Après des mois de crise, les producteurs de lait sont usés. Produire à perte, ils « savent le faire quelques mois », en attendant que ça passe. Mais accepter durablement des prix de lait en dessous des coûts de production, ils ne peuvent pas. Mardi soir, une quarantaine de producteurs, à l’appel de la FDPL et des JA de Haute-Saône, ont intercepté et vidé une citerne de lait sur la D 26, à la limite des communes de Dampierre sur Linotte et de Vallerois le Bois.
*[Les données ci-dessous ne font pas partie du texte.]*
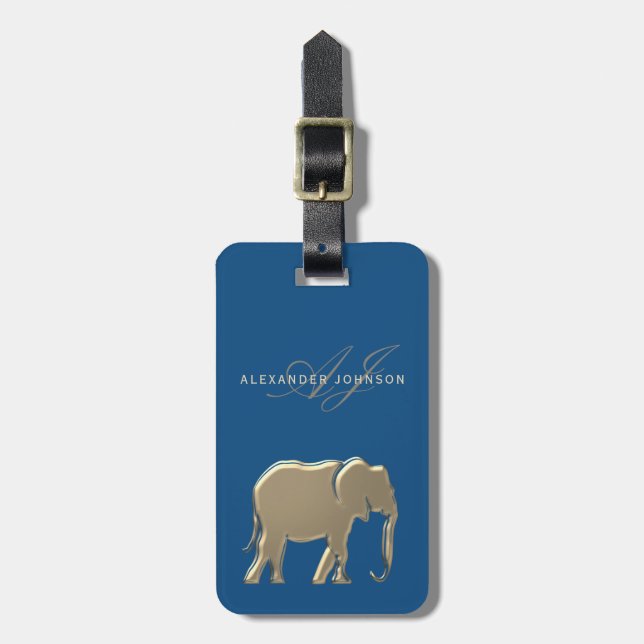 Blaues Gold Elefant Monogramm Gepäckanhänger (Vorderseite vertikal)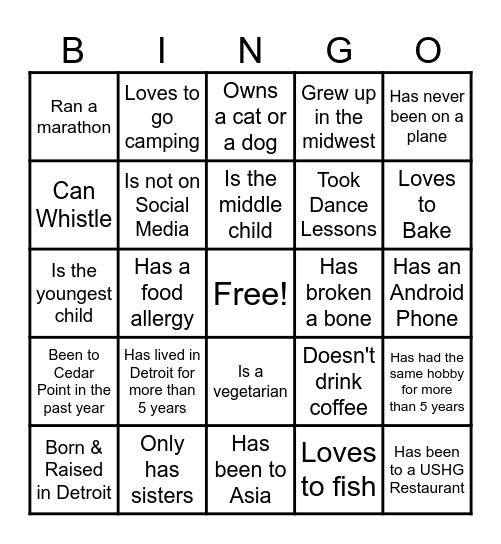 Pine Hall BINGO Card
Les résultats des industriels du lait
La principale récrimination des éleveurs est l’injuste répartition de la valeur ajoutée sur le lait. En 2015, alors que le prix du lait au niveau mondial dégringolait de plus de 50 €/1.000 L (voir p. 7 à ce sujet), la quasi-totalité de cette chute était répercutée sur le prix au producteur, provoquant des situations parfois catastrophiques dans les trésoreries. De leur côté, les entreprises laitières réalisaient une année plutôt confortable. Les chiffres publiés par 3 des plus grands groupes privés français (Lactalis ne publie pas les siens) sont éloquents : les résultats nets de Danone, Savencia (Bongrain) et Bel ont augmenté respectivement de 14,7 %, 43,6 %, et 49,6 % en un an. Ce sont les chiffres mis en avant par le président de la FDPL Emmanuel Aebischer (et disponibles effectivement sur les sites des entreprises) pour expliquer en partie leur action « coup de poing ». « Ils ont publié leurs chiffres, complète le président de la FDSEA Sylvain Crucerey. Cartes sur table, nous aussi nous les invitons à la maison des Agriculteurs, nous leur présenterons les nôtres. »

Le dialogue rompu
Faut-il en passer par là pour amorcer la discussion ? « Il n’y a malheureusement déjà plus de discussion », regrette l’agriculteur, qui constate que « même au sein des OP, ça ne fonctionne plus. » Il est vrai que les OP locales des producteurs Lactalis ne parviennent pas à avoir de discussions sur le prix, la maison mère ayant fait le choix de n’aborder le sujet qu’au niveau national. A Bulgnéville, le 22 janvier, les représentants de l’Apllage (OP Lactalis Grand-Est) avaient boycotté la réunion, faute de pouvoir avancer dans les négociations.
Sur les 5 premiers mois de l’année, les prix dans le département vont de 265 € pour Lactalis, 275 pour Sodiaal (en comptant 10 % de B), 280 pour Aboncourt, 289 pour Savencia, 291 pour Ermitage, 298 pour Mulin, 300 pour Milleret. Juin n’est pas encore fixé partout (alors que la loi l’impose, voir en p. 11), mais si rien de change, les écarts vont encore se creuser entre ceux qui collent aux accords contractuels, et ceux qui adoptent une politique de partage des marges : Aboncourt a déjà annoncé 320 à partir de juin, Milleret semble coller au 300, Mulin également…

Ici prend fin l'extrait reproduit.